I have a 30 gallon tank with only Red Cherry shrimp in it. Heavily planted, Fuval shrimp substrate, steady 6.5 ph level. the water is clean. I purchased a colony (35 shrimp total) about a year ago. At this point I believe I have about 150 shrimp or more. They're very hard to count because of the heavy plant growth.

My question is how big will this colony get? It seems as though it's leveled off. There are always shrimp at different levels of development all over the tank. Everything is healthy. By appearance I believe there is more than enough room for the colony to grow. How big will it get? When will I know when it's peaked?

Bottom line. I've had trouble finding information on colony size and longevity. I welcome your in put and thoughts.


----------



## effox (Apr 21, 2010)

I had probably 100 or more in a 10 gallon. 30g's will be fine.

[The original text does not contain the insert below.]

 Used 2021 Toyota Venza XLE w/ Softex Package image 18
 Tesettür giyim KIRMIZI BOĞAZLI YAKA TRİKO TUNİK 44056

As far as longevity and what size, I don't have a clue, I never documented that.


----------



## Tarobot (Jun 27, 2010)

shrimps dont reproduce accorinding to tank size, so im not sure what "peaked" means. they will keep reproducing forever and ever, I've had 250+ in a 2.5g fluval spec once. somewhere along the line more will die from water changes because of inbreeding making the newborns weaker. maybe trade with another member every 6months would probably help and if all parameters are stable you can have that colony outlive yourself (theoritically).


----------



## Diztrbd1 (Apr 21, 2010)

longevity is 1-2 years, most likely depending on water parameters being optimal. As for colony size , I don't believe there is a maximum, but agree with the suggestion to get some from another colony to lower the inbreeding and strengthen the strain.


----------



## aqua59 (Nov 9, 2011)

Great information. I'll see if I can't add some from another strain. the shrimp I have appear to be very healthy. I can't recall and carcasses, ever. Thanks again for the info.


----------